Samedi 18 juin 2016, 16h. Nous remontons l’ancre et disons au revoir à nos nouveaux copains québécois : nous traversons du récif de l’Astrolabe vers Nandi, sur la côte ouest de la grande île de Viti Levu, pour faire les formalités de sortie des Fidji. La prochaine étape sera le Vanuatu, et Nandi nous rapproche un peu.

Le vent est repassé au sud-est, avec une quinzaine de nœuds : plutôt une bonne configuration pour nous qui partons vers l’ouest, pour une petite traversée d’une centaine de milles, surtout que la mer est quasi plate. Et nous profiterons d’une belle lune gibbeuse dans un ciel clair pour la nuit.
Vous vous en doutiez ? Les conditions n’ont pas tenu. Nous avons dû passer au vent arrière parce que les îles imposent certaines portions de la route, et la brise s’est levée, jusqu’à vingt-cinq nœuds et même trente sous de beaux grains. Tant pis pour la lune. Nous ferons la deuxième partie de nuit sous grand-voile arisée seule, un peu pour être plus tranquille, et un peu pour essayer de ralentir Kousk Eol et ne pas arriver dans la passe avant le soleil. Mais comme la mer s’y est mise elle aussi, nous roulons un tantinet. Et le pilote ne chôme pas pour rattraper les écarts : les batteries accusent le coup et montrent au matin un niveau de charge nettement plus bas que d’habitude.

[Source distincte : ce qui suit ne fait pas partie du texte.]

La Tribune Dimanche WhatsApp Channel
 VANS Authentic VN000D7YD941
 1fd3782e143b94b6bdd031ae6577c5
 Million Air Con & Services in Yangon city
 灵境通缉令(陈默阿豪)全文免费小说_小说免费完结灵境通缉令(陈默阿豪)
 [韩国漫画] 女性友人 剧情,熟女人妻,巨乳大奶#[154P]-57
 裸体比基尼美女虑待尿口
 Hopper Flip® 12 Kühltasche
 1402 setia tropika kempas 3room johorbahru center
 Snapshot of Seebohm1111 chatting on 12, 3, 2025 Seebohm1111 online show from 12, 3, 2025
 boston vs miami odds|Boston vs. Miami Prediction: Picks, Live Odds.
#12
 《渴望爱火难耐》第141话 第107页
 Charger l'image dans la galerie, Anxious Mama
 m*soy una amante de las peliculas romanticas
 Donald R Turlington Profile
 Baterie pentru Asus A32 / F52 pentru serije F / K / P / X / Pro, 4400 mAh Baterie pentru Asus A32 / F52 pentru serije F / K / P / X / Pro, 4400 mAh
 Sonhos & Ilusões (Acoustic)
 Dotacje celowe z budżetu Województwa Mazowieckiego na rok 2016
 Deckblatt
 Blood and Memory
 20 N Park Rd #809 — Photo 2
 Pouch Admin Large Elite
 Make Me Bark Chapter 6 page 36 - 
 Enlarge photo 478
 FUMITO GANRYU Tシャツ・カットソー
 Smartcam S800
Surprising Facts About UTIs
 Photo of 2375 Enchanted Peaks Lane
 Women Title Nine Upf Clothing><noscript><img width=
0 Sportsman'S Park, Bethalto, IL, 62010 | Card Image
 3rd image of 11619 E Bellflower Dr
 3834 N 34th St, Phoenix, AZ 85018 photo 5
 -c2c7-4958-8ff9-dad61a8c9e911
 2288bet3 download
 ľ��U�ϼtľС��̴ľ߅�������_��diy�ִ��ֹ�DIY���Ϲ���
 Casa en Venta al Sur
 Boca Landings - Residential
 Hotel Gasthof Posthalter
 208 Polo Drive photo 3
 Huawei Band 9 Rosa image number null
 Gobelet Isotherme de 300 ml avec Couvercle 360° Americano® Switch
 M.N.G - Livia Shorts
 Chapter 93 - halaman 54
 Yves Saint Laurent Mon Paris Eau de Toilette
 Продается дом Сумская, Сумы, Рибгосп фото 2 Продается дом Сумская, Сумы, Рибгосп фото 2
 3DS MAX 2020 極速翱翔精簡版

Au matin, vers sept heures, nous nous présentons devant la passe Navula, en même temps qu’un cargo qui lui sort. La VHF crache sur le canal 16 : « Sailing vessel, sailing vessel : what is your intention ? ». Comme on est bien élevé sur Kousk Eol, on répond qu’on veut bien partager le chenal et qu’on restera sagement sur tribord. « OK sailing vessel : port to port ! And have a nice week-end. ». Cette fois au moins nous ne serons pas assimilés à des WAFIs.

La magie des passes des lagons opère encore une fois : à peine passées, la mer devient plate, et du coup les manœuvres pour affaler les voiles et ranger tous les bouts de ficelle1 se trouvent grandement facilitées. Plus qu’une quinzaine de milles et nous devrions trouver une place dans la toute nouvelle marina de Port Denarau, à côté de Nandi.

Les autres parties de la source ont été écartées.